### Aim of the task
When you reach the line that contains "Welcome to the", give it back exactly along with each line after it to the end of the entries; skip any pictures.
-- Data section follows --
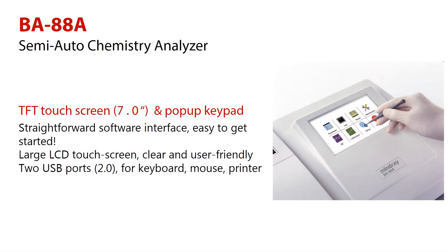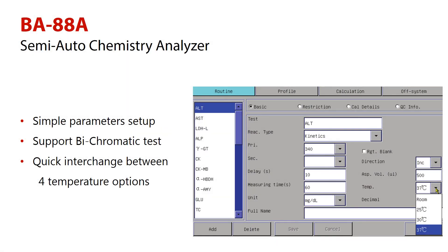Mindray B88A has a straightforward software interface, which helps make it easy to get started. The large 7-inch LCD touchscreen provides a clear and user-friendly interface. Two USB ports are available for keyboard, mouse, and printer. The large touchscreen and user-friendly interface makes programming easier.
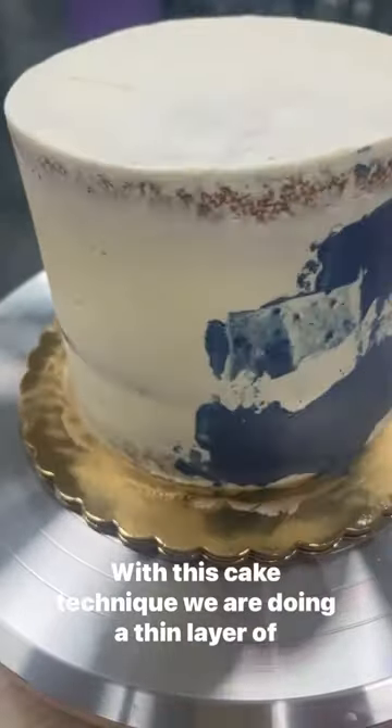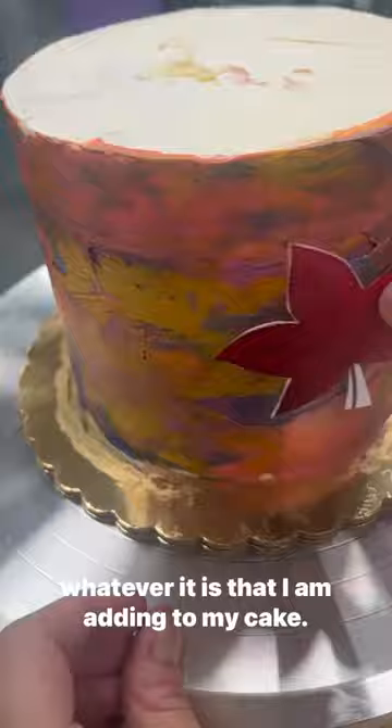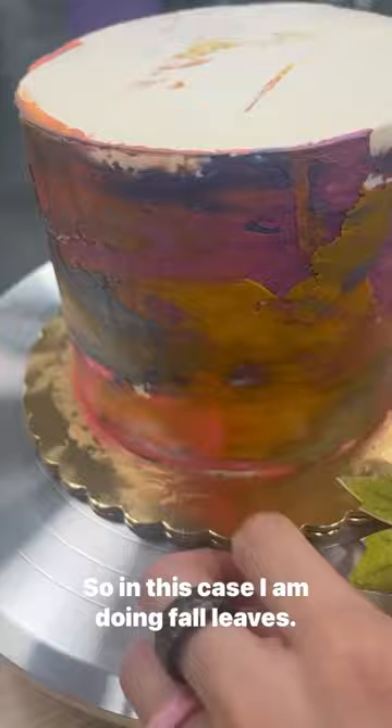With this cake technique, we are doing a thin layer of watercolor styled buttercream on the cake. Smooth that out and then I'm going to add paper stencils of whatever it is that I am adding to my cake. So in this case, I am doing fall leaves. It'll look really pretty with the watercolor.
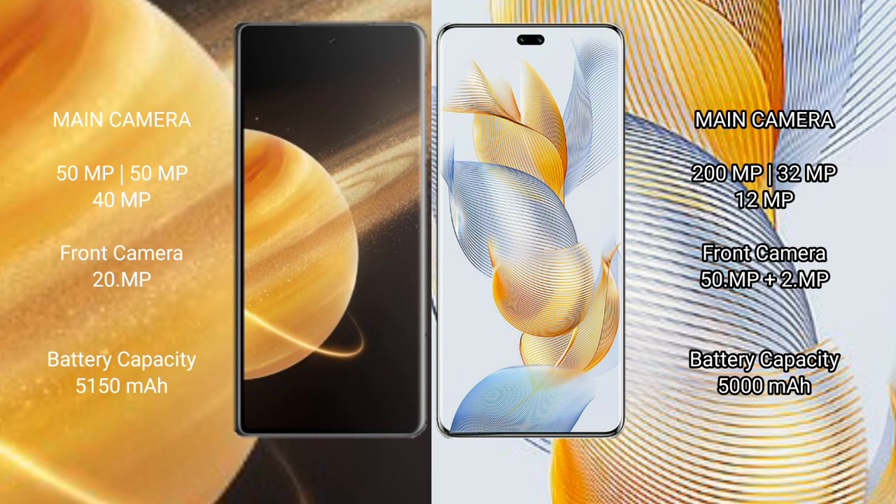Honor Magic V3 has a 5150 mAh battery with 66-watt fast charging support. Honor 90 Pro has a 5000 mAh battery with 90-watt fast charging support.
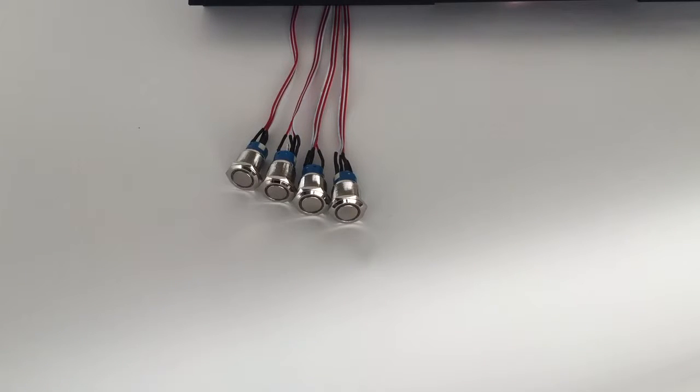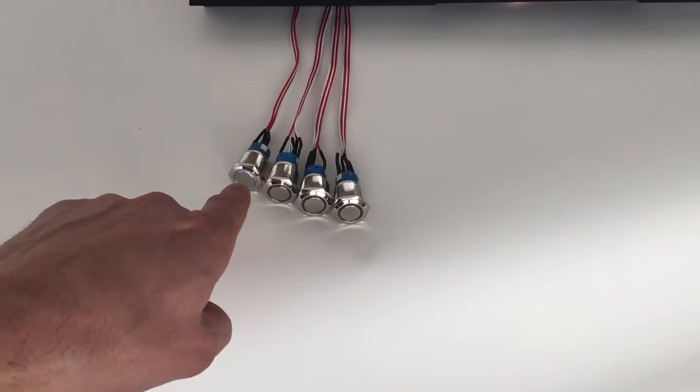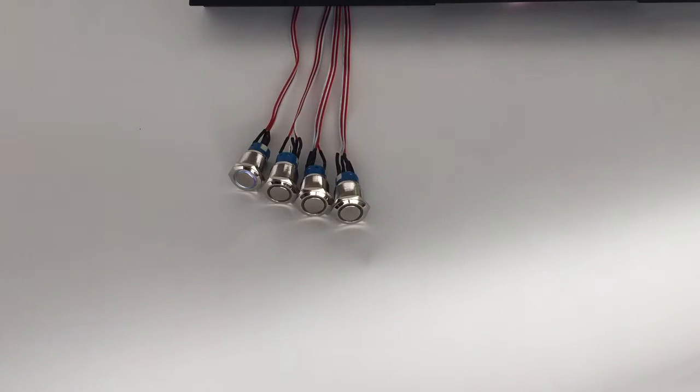Here you see the metal press buttons. They are blinking buttons. If nothing is pressed, they are blinking all the time. If you press a button, this one will stay on and all the others will stop blinking.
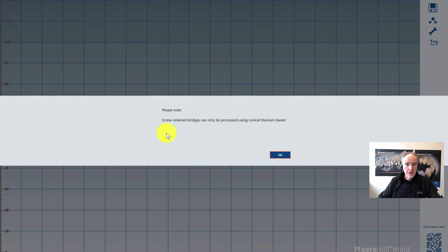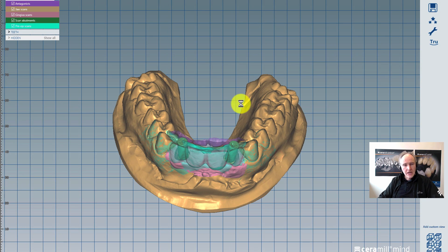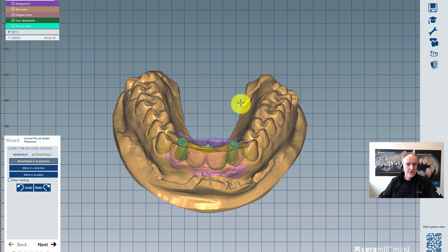The first thing is that you get a note: only with conical titanium bases is it possible to make screw retained bridges. You can click OK and then continue.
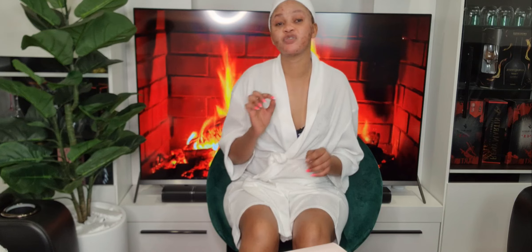Hey guys, my name is Lamartinez and welcome back to my channel. If it's your first time, stay and watch more videos — you're most welcome. If you're one of my subscribers, thank you so much for your love and support. I really appreciate all your support through my channel.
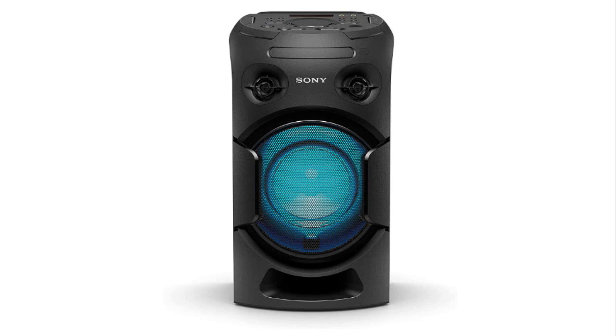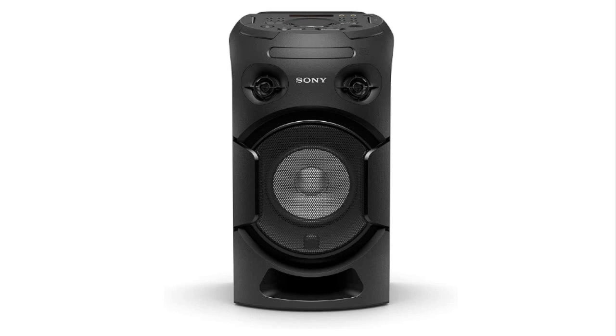I had low expectations for this speaker considering the price, but after trying out the various functions and listening to it for a few hours I'm impressed. This unit has everything but the kitchen sink, as long as you don't need battery power portability.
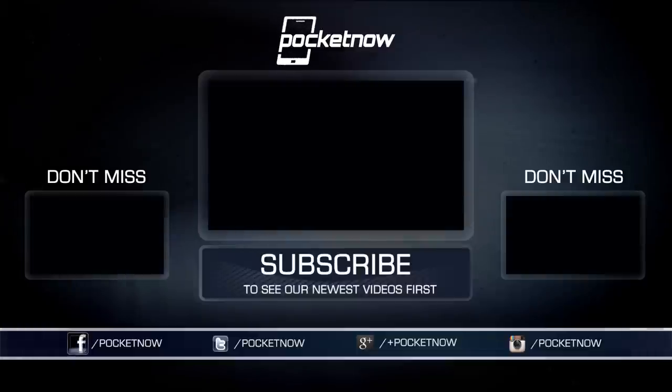Once more, this has been Michael Fisher with Pocketnow, Captain 2 Phones on Twitter. Thanks for watching, and we'll see you next time.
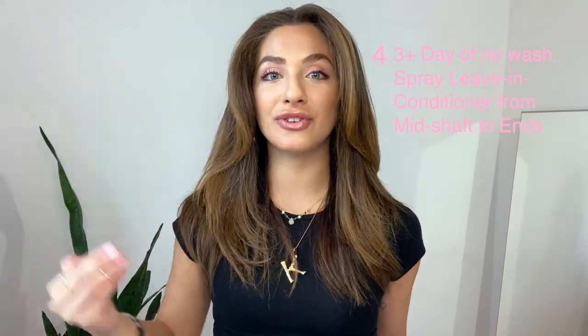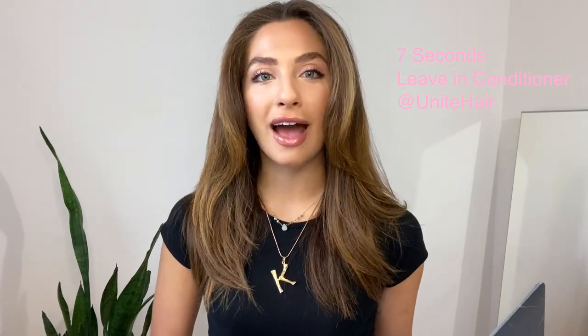For those of you who can go at least three-plus days without washing your hair, I recommend taking a leave-in conditioner and spritzing it from mid-shaft to your ends, especially if your hair is super dry. It rehydrates your hair and also acts as a thermal protector when you're styling. Your ends get dry the longer you wait to wash, so it just rehydrates them. I recommend Seven Seconds by Unite — it's super light on the hair. You can also use a leave-in after washing: when your hair is towel dry, before you brush it, spritz it all over — it acts as a detangler, hydrator, and heat protectant.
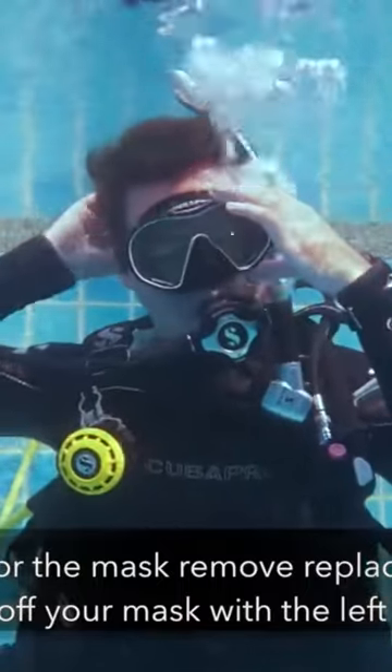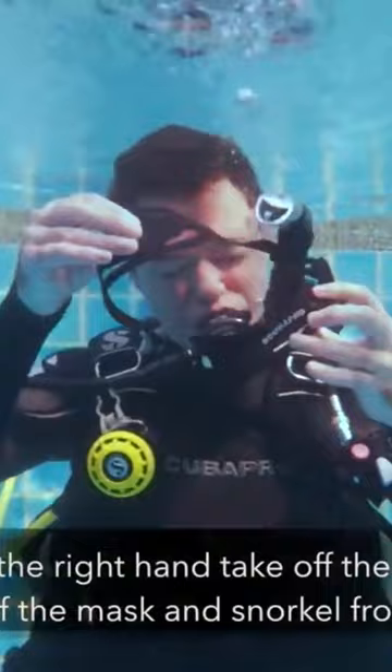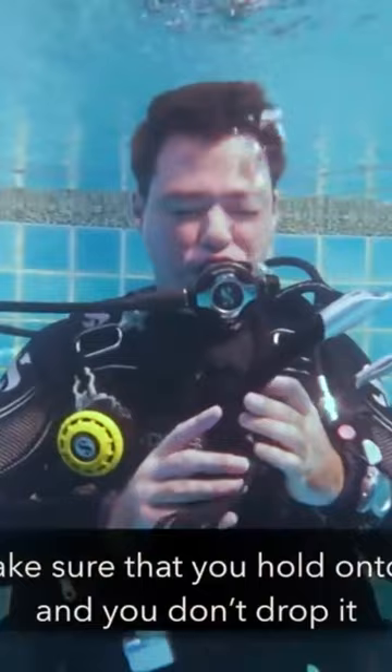With your left hand grab the mask and with your right hand take off the strap, then take off your mask and your snorkel from your face. Make sure that you hold on to it and that you don't drop it.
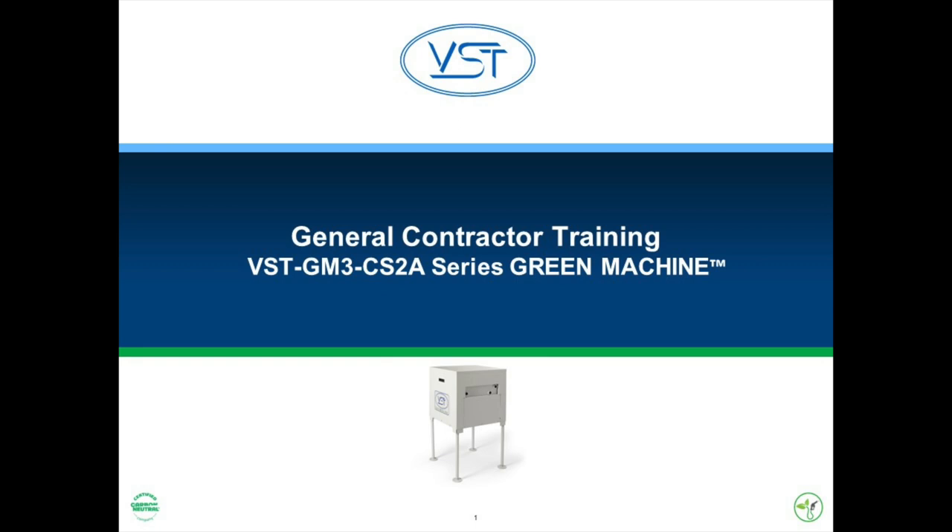Welcome to the VST General Contractor Training for the installation of the U.S. version of the Green Machine. We'll be covering how to complete the installation of the Green Machine. This subject is covered by Chapter 1 of the manual that accompanies the Green Machine. But before we begin, here's a quick overview of the Green Machine.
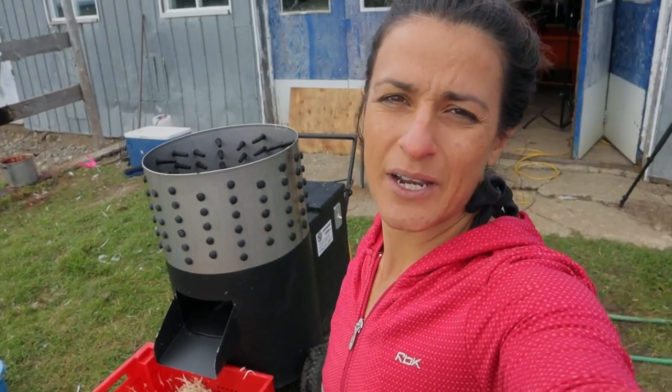Hey guys, Mallory from Quebec Homestead. Welcome to my farm and today we are processing chickens.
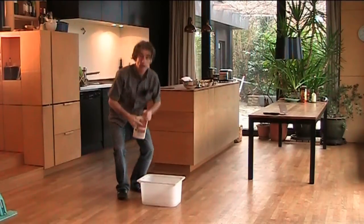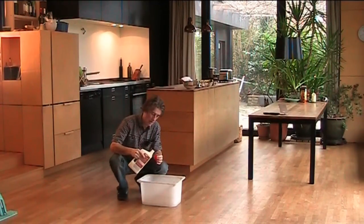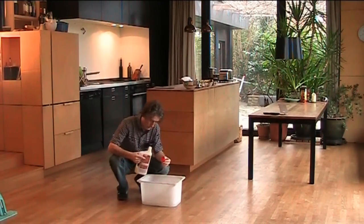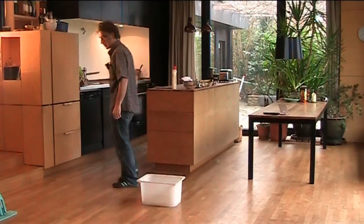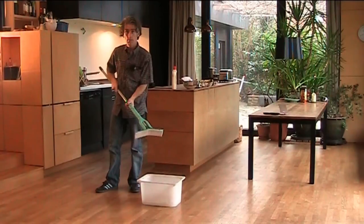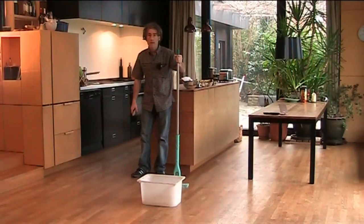We're going to be cleaning this parquet floor. First of all, we put in two capfuls of cleaner, and we've got a cleaning pad. The thing with a parquet floor is don't make it too wet.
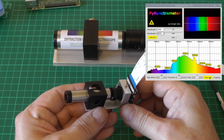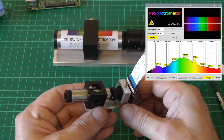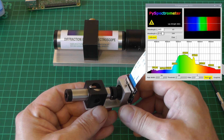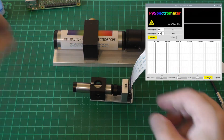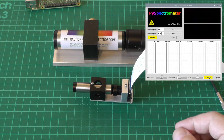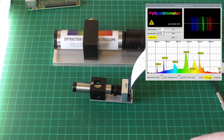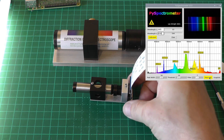Much better - awesome! Every bit as capable as the larger version but in a much smaller package. While we're at it, I have a fluorescent lamp on the bench - let's see some emission lines. Excellent, look at that - absolutely fantastic!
-- Data section concluded --
### Response for this exercise
Welcome to the VST General Contractor Training for the installation of the U.S. version of the Green Machine. We'll be covering how to complete the installation of the Green Machine. This subject is covered by Chapter 1 of the manual that accompanies the Green Machine. But before we begin, here's a quick overview of the Green Machine.
Hey guys, Mallory from Quebec Homestead. Welcome to my farm and today we are processing chickens.
We're going to be cleaning this parquet floor. First of all, we put in two capfuls of cleaner, and we've got a cleaning pad. The thing with a parquet floor is don't make it too wet.
Much better - awesome! Every bit as capable as the larger version but in a much smaller package. While we're at it, I have a fluorescent lamp on the bench - let's see some emission lines. Excellent, look at that - absolutely fantastic!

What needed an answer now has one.